● The task
Set down the entries again word for word, without any of the images.

● Records
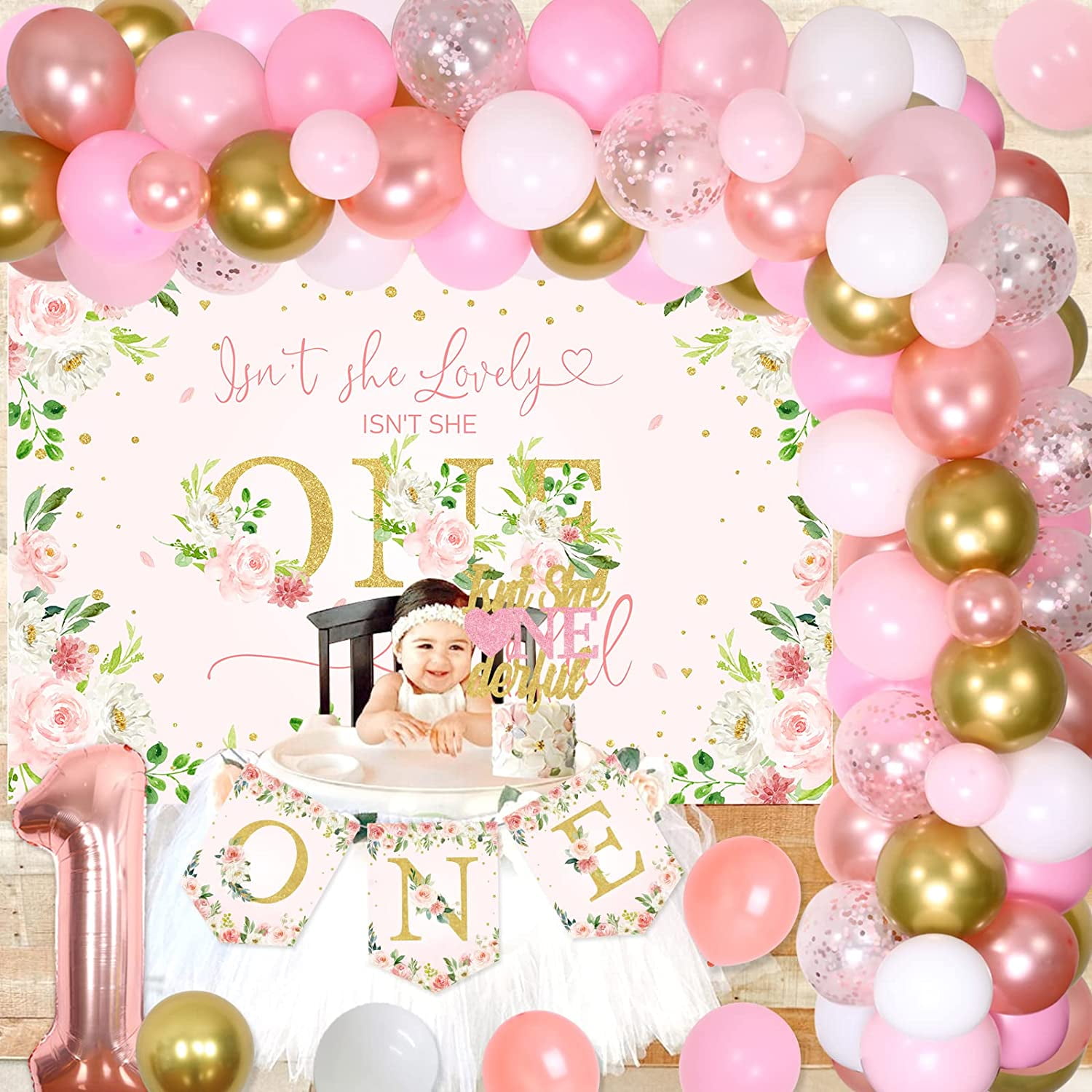 Baby Girl 1st Floral Birthday Decorations, Isn't She Lovely Isn't She Onederful Boho Floral Backdrop Pink, Rose Balloon Garland Arch One Highchair Banner for Baby Girls 1st Birthday Party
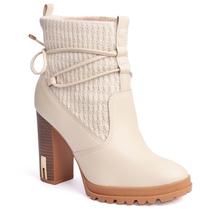 Bota Ankle Boot Ramarim Salto Grosso Croche Feminino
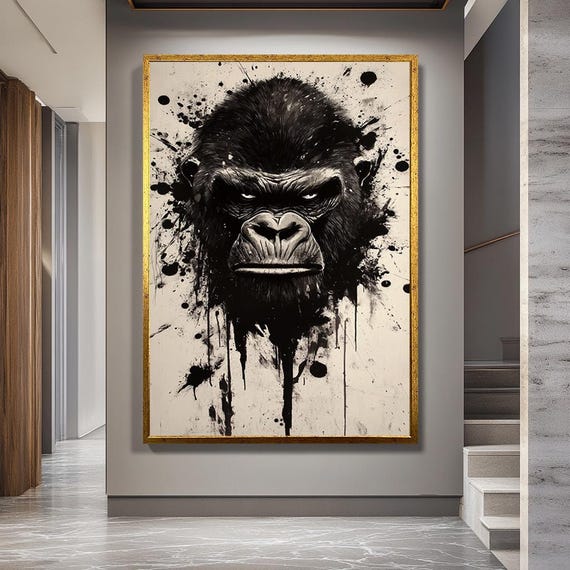 Black and White Gorilla Canvas Wall Art – Fierce Ink Splatter Animal Portrait – Monochrome Urban Jungle Decor Print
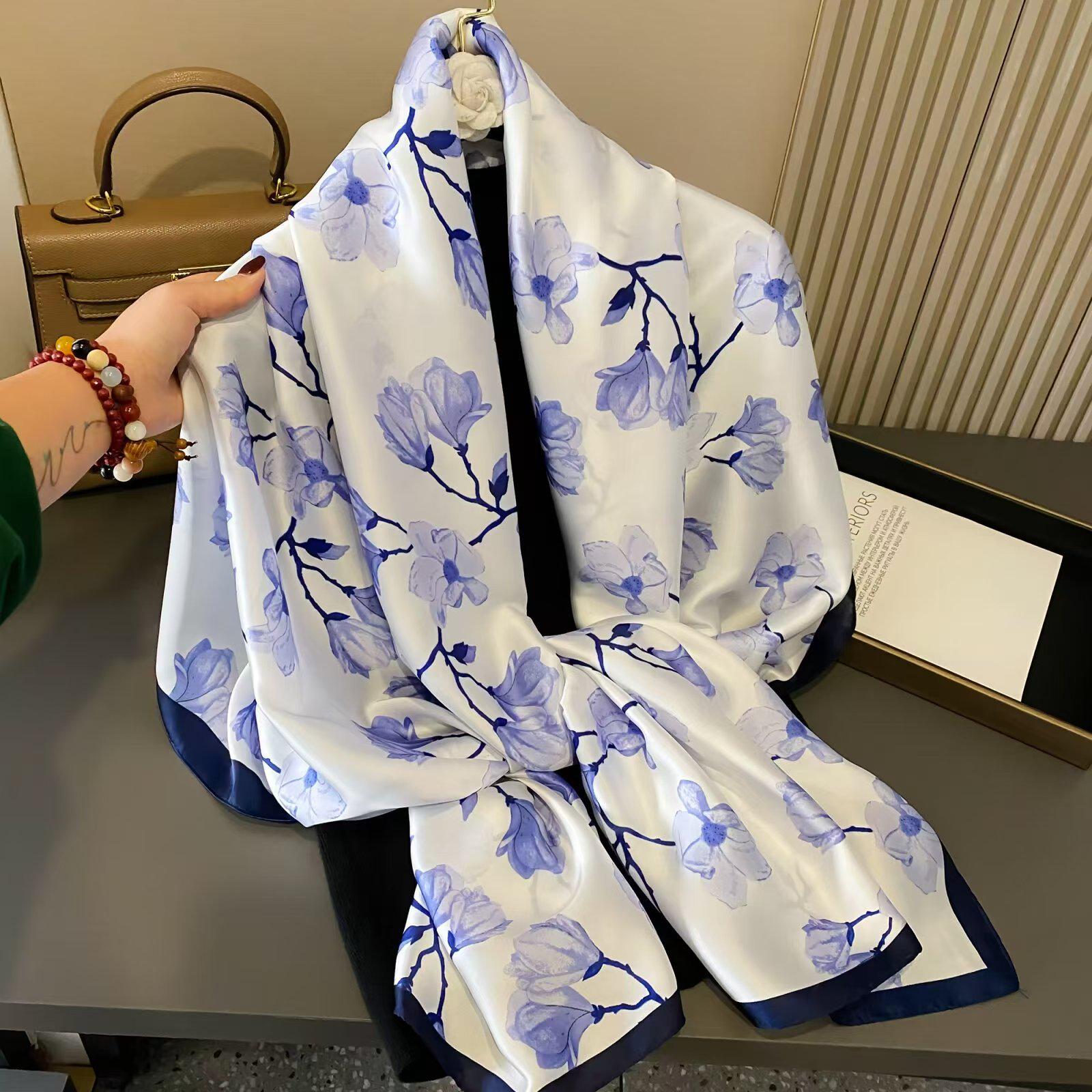 Luxusná letná hodvábna šatka - Dlhá, módna šatka na ochranu pred slnkom pre ženy 90x180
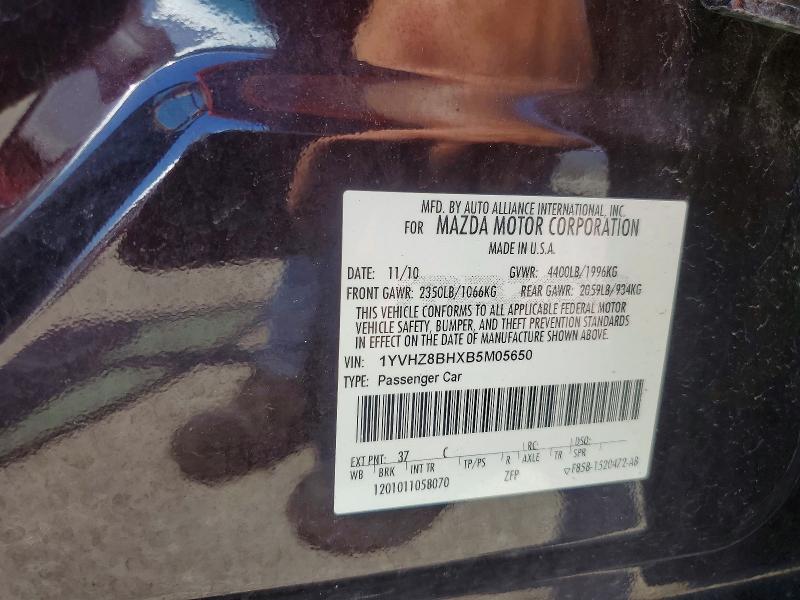 Продаж на аукціоні авто 2011 Mazda 6, vin: 1YVHZ8BHXB5M05650, номер лоту: 59707956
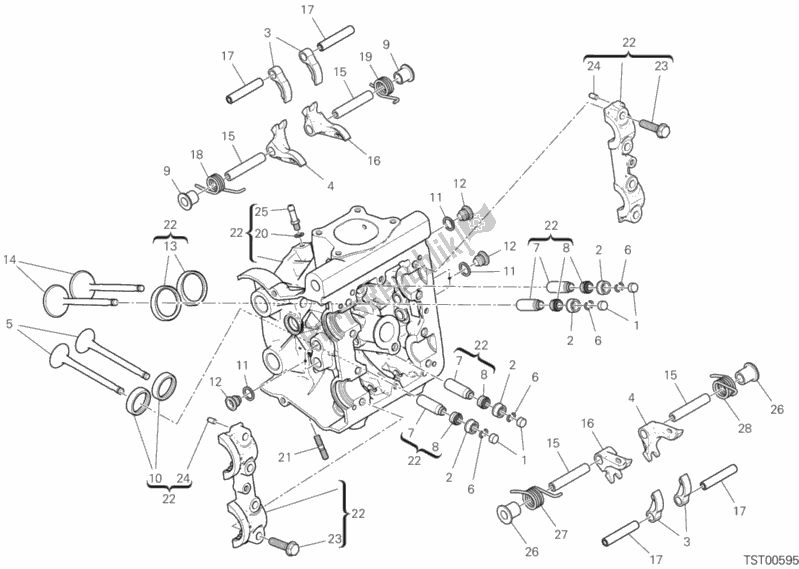 All parts for the Horizontal Head of the Ducati Supersport 937 2018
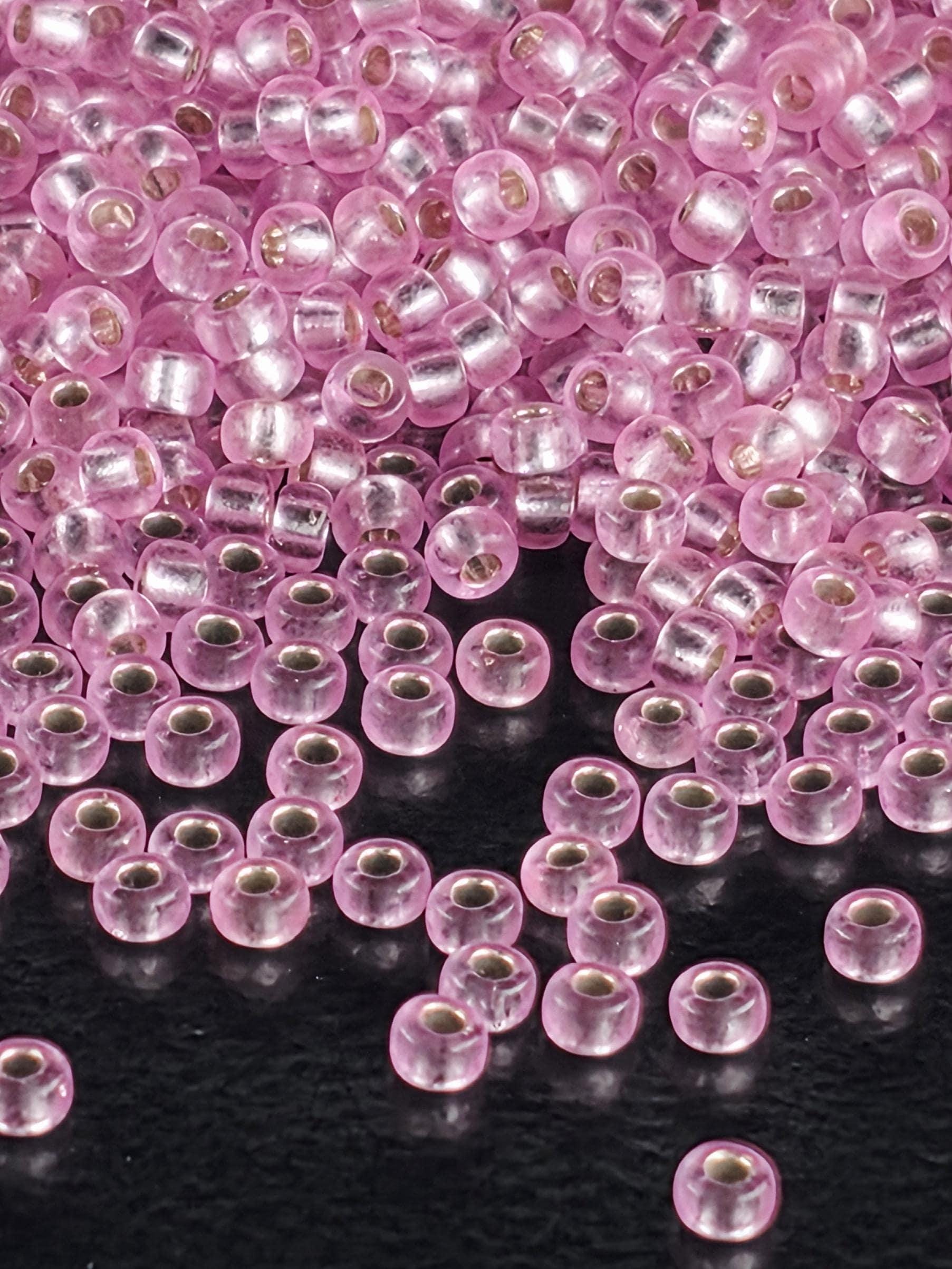 Pink Translucent Silver-Lined Miyuki Rocailles | Size 11 | 20g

● Response
 Baby Girl 1st Floral Birthday Decorations, Isn't She Lovely Isn't She Onederful Boho Floral Backdrop Pink, Rose Balloon Garland Arch One Highchair Banner for Baby Girls 1st Birthday Party
 Bota Ankle Boot Ramarim Salto Grosso Croche Feminino
 Black and White Gorilla Canvas Wall Art – Fierce Ink Splatter Animal Portrait – Monochrome Urban Jungle Decor Print
 Luxusná letná hodvábna šatka - Dlhá, módna šatka na ochranu pred slnkom pre ženy 90x180
 Продаж на аукціоні авто 2011 Mazda 6, vin: 1YVHZ8BHXB5M05650, номер лоту: 59707956
 All parts for the Horizontal Head of the Ducati Supersport 937 2018
 Pink Translucent Silver-Lined Miyuki Rocailles | Size 11 | 20g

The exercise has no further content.